Yoga merasa kakinya pegal dan kesemutan. Sudah hampir satu jam dia berdiri, sesekali bersandar di mobilnya. Dia sudah menelepon Naira puluhan kali, tapi perempuan itu tidak menjawab. Tangannya meraih ponsel, mengetikkan entah pesan ke berapa untuk Naira.

Kepalanya berdenyut sakit, mengingat percakapannya dengan Jovanka. Dia membuat banyak kesalahan, dan terus tersudut. Tiba-tiba Yoga merasa keberuntungannya sirna sejak dia berhubungan dengan Naira.

Ketegangan antara keluarganya dengan keluarga Alfi, permusuhan Mama dan Amanda, belum lagi bisikan dan tatapan tidak bersahabat sepupu-sepupunya. Dan kabar buruk dari Jovanka adalah akhir menyedihkan dari semuanya.

"Kamu hamil, trus kamu mau mau jebak aku buat tanggung jawab?"

"What?! Jebak kamu?! Sudah jelas ini anak kamu keparat!" teriak Jovanka.

Yoga menyeringai. "Kamu pikir aku nggak tau kamu tidur sama berapa laki-laki?! Come on, Jo. Jangan bilang kamu cuma eksklusif buat aku. Aku bisa tanya sama semua bajingan di klub, siapa yang nggak pernah tidur sama kamu, hah?!"

Plak

Satu tangan Jovanka mendarat di pipi Yoga. Lelaki itu malah tertawa menghina. Dia tidak akan mengalah dan membiarkan satu orang lagi mengintimidasinya. Cukup Bagas saja!

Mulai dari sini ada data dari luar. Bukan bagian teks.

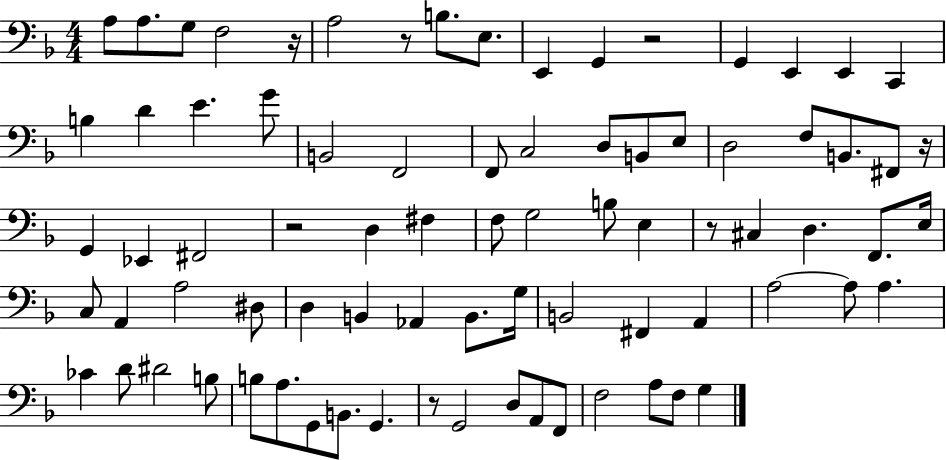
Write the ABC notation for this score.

X:1
T:Untitled
M:4/4
L:1/4
K:F
A,/2 A,/2 G,/2 F,2 z/4 A,2 z/2 B,/2 E,/2 E,, G,, z2 G,, E,, E,, C,, B, D E G/2 B,,2 F,,2 F,,/2 C,2 D,/2 B,,/2 E,/2 D,2 F,/2 B,,/2 ^F,,/2 z/4 G,, _E,, ^F,,2 z2 D, ^F, F,/2 G,2 B,/2 E, z/2 ^C, D, F,,/2 E,/4 C,/2 A,, A,2 ^D,/2 D, B,, _A,, B,,/2 G,/4 B,,2 ^F,, A,, A,2 A,/2 A, _C D/2 ^D2 B,/2 B,/2 A,/2 G,,/2 B,,/2 G,, z/2 G,,2 D,/2 A,,/2 F,,/2 F,2 A,/2 F,/2 G,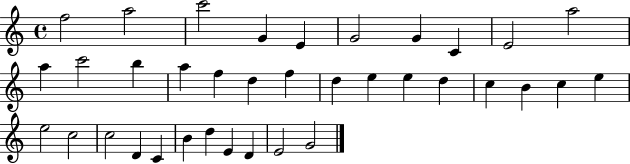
X:1
T:Untitled
M:4/4
L:1/4
K:C
f2 a2 c'2 G E G2 G C E2 a2 a c'2 b a f d f d e e d c B c e e2 c2 c2 D C B d E D E2 G2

"Bangsat, kamu emang bangsat, Ga! Kamu pikir bisa mendepak aku setelah semuanya?!" Satu jari Jovanka menunjuk tepat di wajah Yoga.

"Nggak usah lebay, Jo, bukannya kamu udah terbiasa didepak?! Jangan bilang ini kehamilan pertama kamu!" tekan Yoga lagi.

Mata Jovanka mulai berkaca-kaca. Dia merasa sangat terhina. Yoga benar, dia memang bukan perempuan suci. Dia biasa menghabiskan malamnya dengan lelaki berbeda. Tapi dua bulan ini dia sering bersama Yoga. Beberapa malam dia sempat bersama orang lain, tapi selalu ingat untuk menggunakan kontrasepsi. Dengan Yoga dia mengabaikan aturan yang dibuatnya sendiri.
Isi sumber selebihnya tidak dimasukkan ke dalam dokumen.